_What the exercise asks_
Begin at the line that has "Vintage Yves Saint", stop after the line that has "American Canvas Paintings", and print exactly those lines from the records below, without any pictures.

_Recorded information_
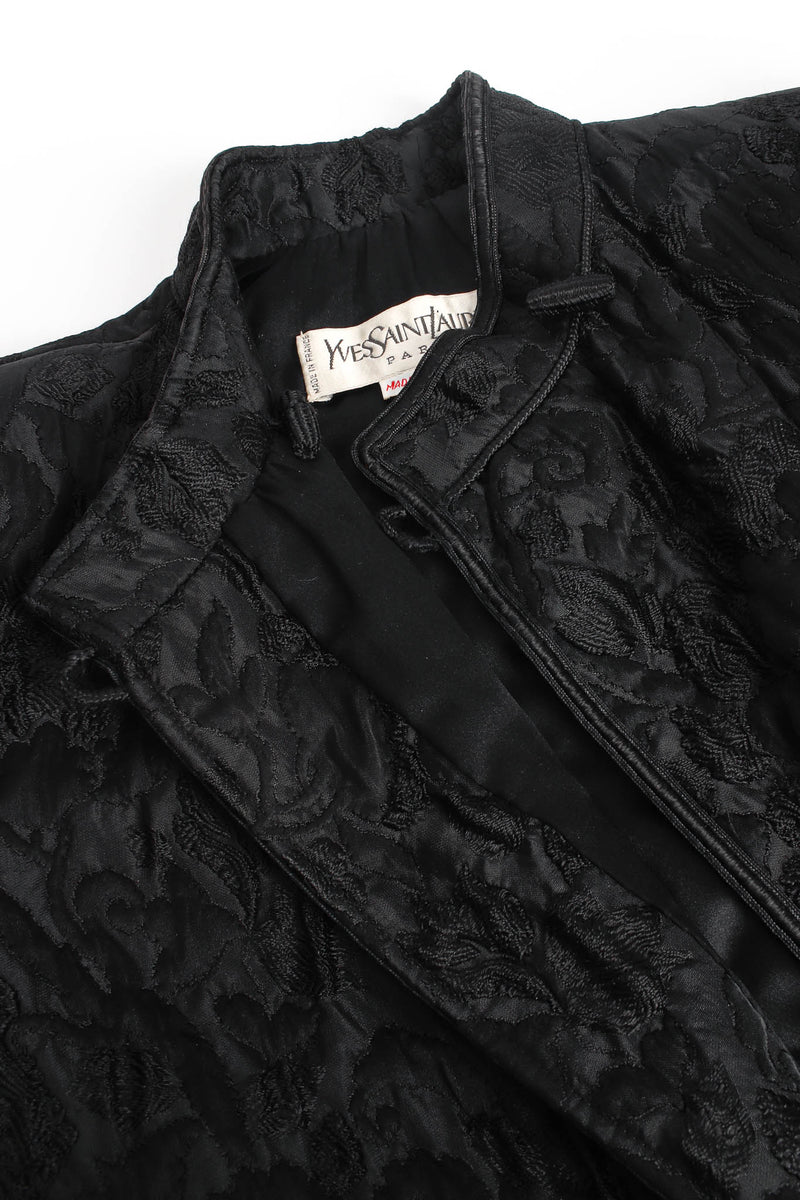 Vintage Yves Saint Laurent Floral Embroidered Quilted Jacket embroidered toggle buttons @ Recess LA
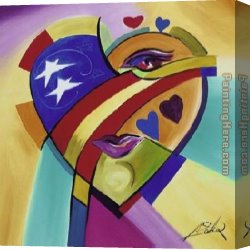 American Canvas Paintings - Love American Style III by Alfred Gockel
---
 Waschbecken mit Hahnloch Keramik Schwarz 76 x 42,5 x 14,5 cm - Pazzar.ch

_Response to the exercise_
 Vintage Yves Saint Laurent Floral Embroidered Quilted Jacket embroidered toggle buttons @ Recess LA
 American Canvas Paintings - Love American Style III by Alfred Gockel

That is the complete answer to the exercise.